Sacred Lotus        

This sacred lotus, unlike the royal rose, is not in the stately gardens of the affluent to be cared, watered, pruned and pampered and sung to high heavens. It finds birth in the marshy bog of nature’s sewers, amongst noxious weeds and poisonous reeds. It must struggle for sheer survival in the dark, murky, stagnant waters of earth’s unspeakable netherworld. But even in that gutters amidst the wretched and the depraved, the lotus is looking up at the sun.

Yet, with her roots tenaciously embedded in her muddy bed, she is no pushover. The toughness of her resilience as she fights for space in the stiffing stillness of her seemingly perennial pond of despair. If hope that come to all never comes to her at that exacting hour of her tender days when she needs it, she transcends the injustice of her birth. She rises above the lowly station in the watery ghetto that she was condemned to live in and die.
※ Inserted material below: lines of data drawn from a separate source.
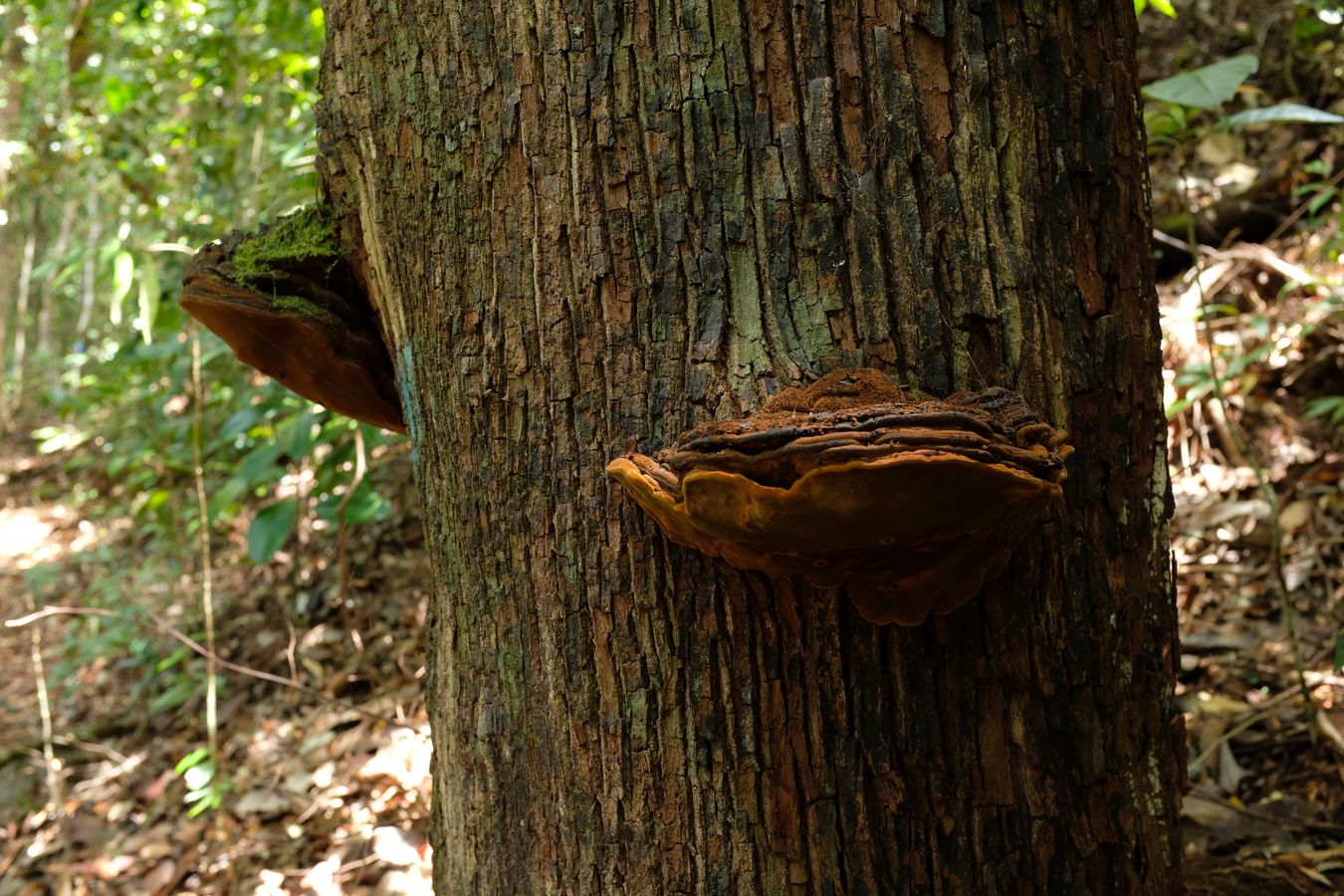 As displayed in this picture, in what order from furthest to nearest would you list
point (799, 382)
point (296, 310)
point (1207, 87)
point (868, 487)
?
1. point (1207, 87)
2. point (296, 310)
3. point (799, 382)
4. point (868, 487)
But she’s made of stronger stuff and the mettle of her stem, having undergone the submerged vortex, sees her through. Whilst her inferior mud mates, content to languidly float upon the water, she soars over the water mark to greet the inviting sun above.

In Sri Lanka some people believe that she is performing her suriya namaskaraya for three days, her worship to the Sun God., and will unfurl her many splendored pinkish petals one by one in his honor and before his radiant eyes. Touched by his warming rays and caressed by nature’s gentle breeze, she will open up her folded bud to reveal to heaven and earth, the divine beauteous blossoms that bloomed from below.
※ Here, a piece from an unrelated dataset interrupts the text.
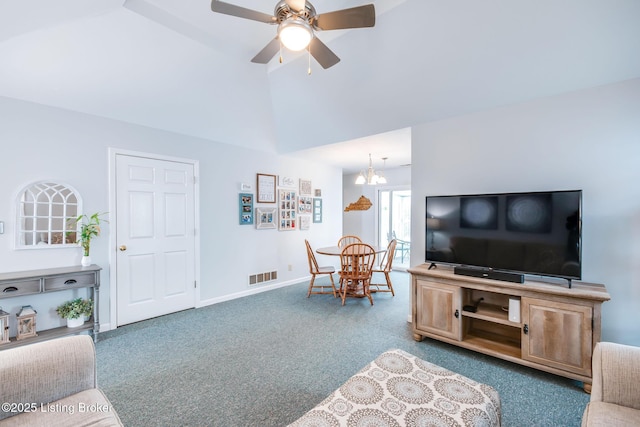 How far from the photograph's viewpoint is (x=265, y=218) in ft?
15.6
On the fourth day she will reveal her innermost soul and bask in beauty, bathed in the sun’s spotlight blazoning her loveliness. Her petals will gradually draw back pushing forth the yellow pod within her that encases her seeds. She will generate her own heat, so that when she blossoms her petals will be 30 centigrade whilst around her the air may even be only 10 C. The heat she expels creates an aroma, which draws bees and insects to her inner core to drink her nectar and feed on her pollen. In so doing she becomes a benefactor of nature, providing all creatures small and microscopic the where withal they need to eat, mat, live and propagate.  


Then her autumn dawns and its melancholic tinge brushes her petals grace, heralding the onset of her winter days. One by one, they wither and fall and she herself arches toward the waters to shed her seeds, to sow the nelums of the future, to procreate her species. Then with one last sad sigh at the inevitable cycle of life in this cruel world, she bids the sun farewell and droops to die in the watery grave that was one her cradle.